The symptoms of a heart attack tend to come and go and then become constant and severe, which is when it’s time to call 911:
● Unusual fatigue
● Lightheadedness and fainting
● Discomfort in one or both arms, neck, shoulder, jaw or stomach
● Squeezing pain in the center of the chest
● Upper abdominal pressure or discomfort
● Feeling of fullness
● Cold sweat
Women have a higher risk of stroke. One in 5 women in their lifetime will have a stroke, Dr. Wilson said. It’s time to call 911 if any of these symptoms of a stroke are present and occur abruptly:
● Loss of balance, dizziness, headache
● Sudden loss of vision in one or both eyes
● Face looks uneven
● Arm weakness
● Speech difficulty
According to the American Heart Association and the National Institutes of Health, various types of vascular diseases (affecting the arteries) strike African American women (36%) more than white men (19%), and white women (22%) are more affected than the men as well. Women who smoke are 25% more likely to develop coronary artery disease than male smokers. And diabetic women are more likely to die from heart disease than diabetic men.
How to Help Yourself
It’s critical to know the risk factors for artery disease. Keeping your overall cholesterol number under 200 is ideal; LDL (low-density lipoproteins) should be less than 100. Normal blood pressure is 120/80. And a body mass index (BMI) under 25, with a waist size of no more than 35 inches, is recommended.

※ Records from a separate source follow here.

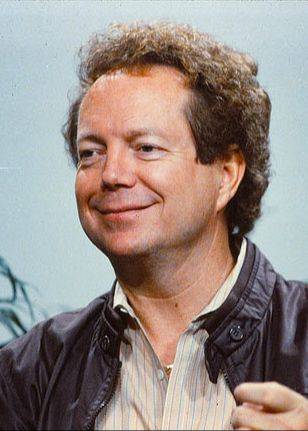 Image of the Company Founder John Roger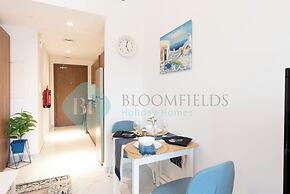 Bloomfields Elegant STU in Oasis Masdar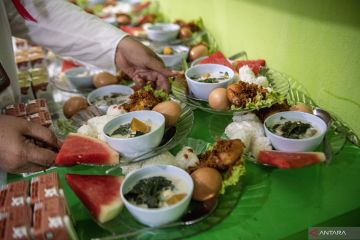 Program Penanganan Stunting Pak Ginting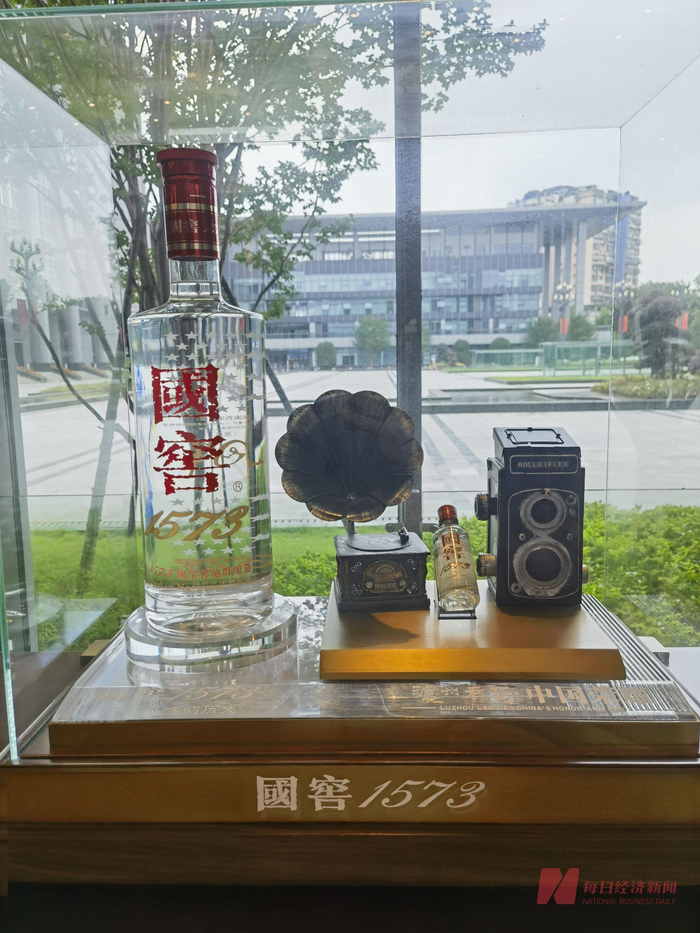 图片来源：每经记者 熊嘉楠 摄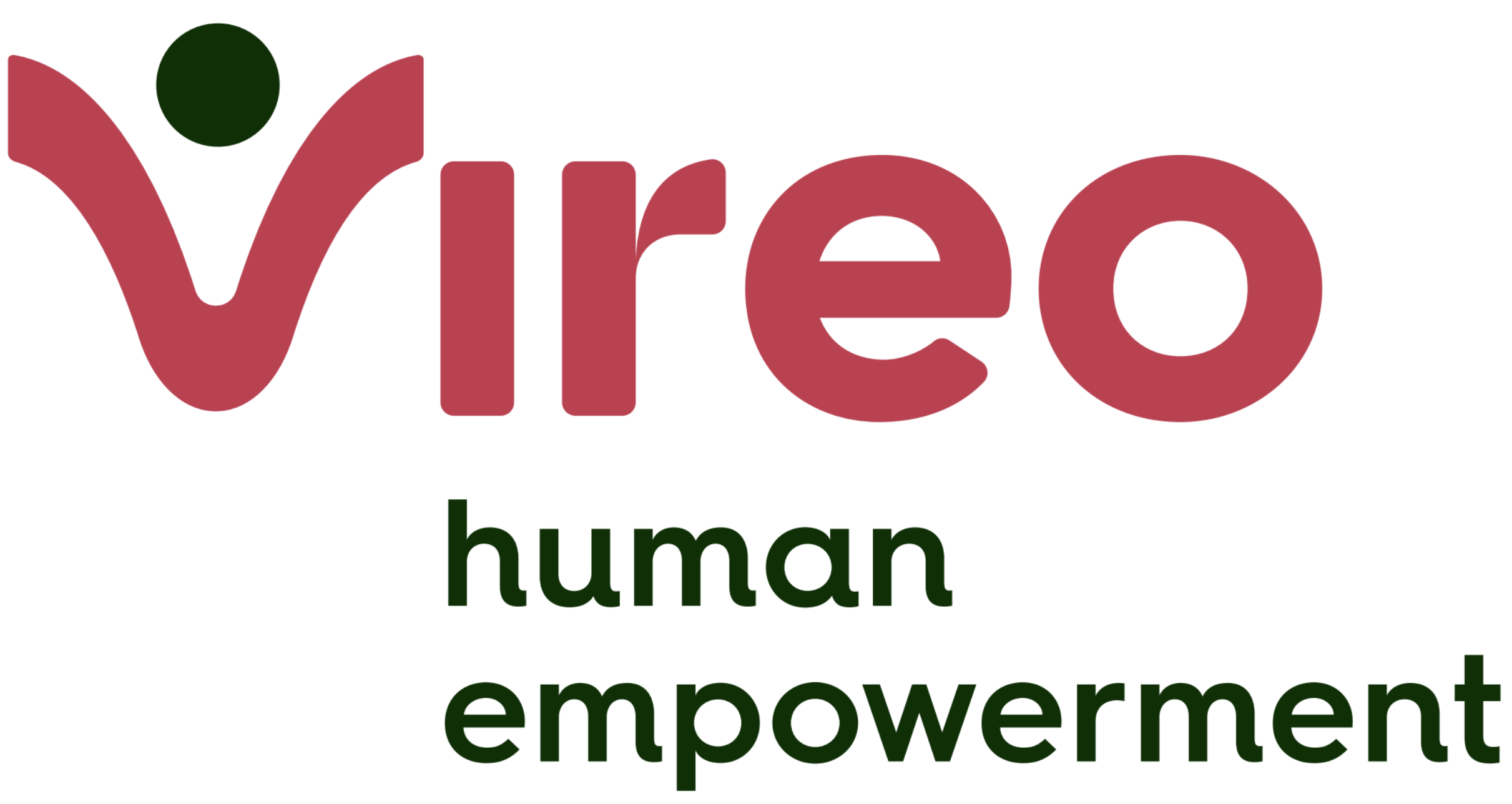 Vireo - Human Empowerment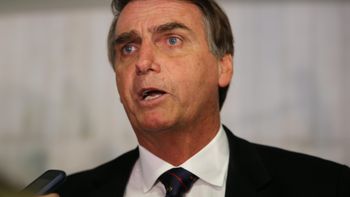 Bolsonaro retoma agenda da transição na segunda-feira, em Brasília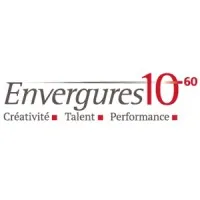 ENVERGURES 10-60 logo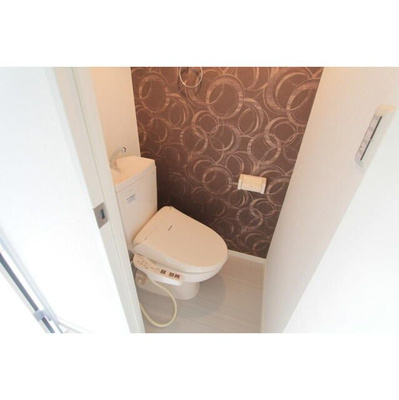 【トイレ】 | ラメールⅡ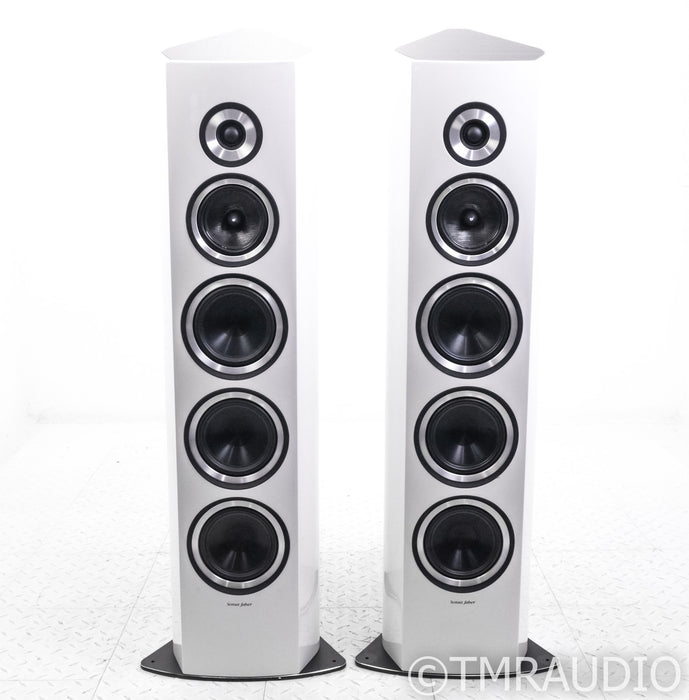 Sonus Faber Venere S Floorstanding Speakers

Most important, the doctors all agreed, is that women need to take charge of their health by learning the warning signs of heart disease and making lifestyle changes if they are at risk. Even if they have low risk factors or no family history of heart disease, women should see their family doctor annually to monitor weight, blood pressure and cholesterol.
The most critical changes a woman can make to keep herself healthy and to lower risks of cardiovascular diseases are:
● Lowering sodium intake
● Eating and cooking healthy foods
● Moving regularly if not already active
● Quitting smoking
● Getting regular sleep
● Reducing stress
● Seeing a doctor for regular preventive care
The doctors stressed the importance of taking care of yourself. They referenced and agreed with the airline guideline of helping yourself before helping others. If you put off your own health, you’re risking not being there for your loved ones.
Some women have been putting off going to doctors’ offices because of COVID-19. The three doctors urged everyone not to cancel or postpone their appointments; all medical offices are taking necessary precautions to prevent the spread of COVID-19, so that should not play a role in their decision to get treated, they said.
Also, the doctors urged women to listen to their gut and to get a second opinion if they’re not taken seriously. Arm yourself with information and “do not let go” if you feel that something is just not right, Dr. Kondapaneni told everyone.
Dr. Wilson concurred: “Trust your gut,” she said.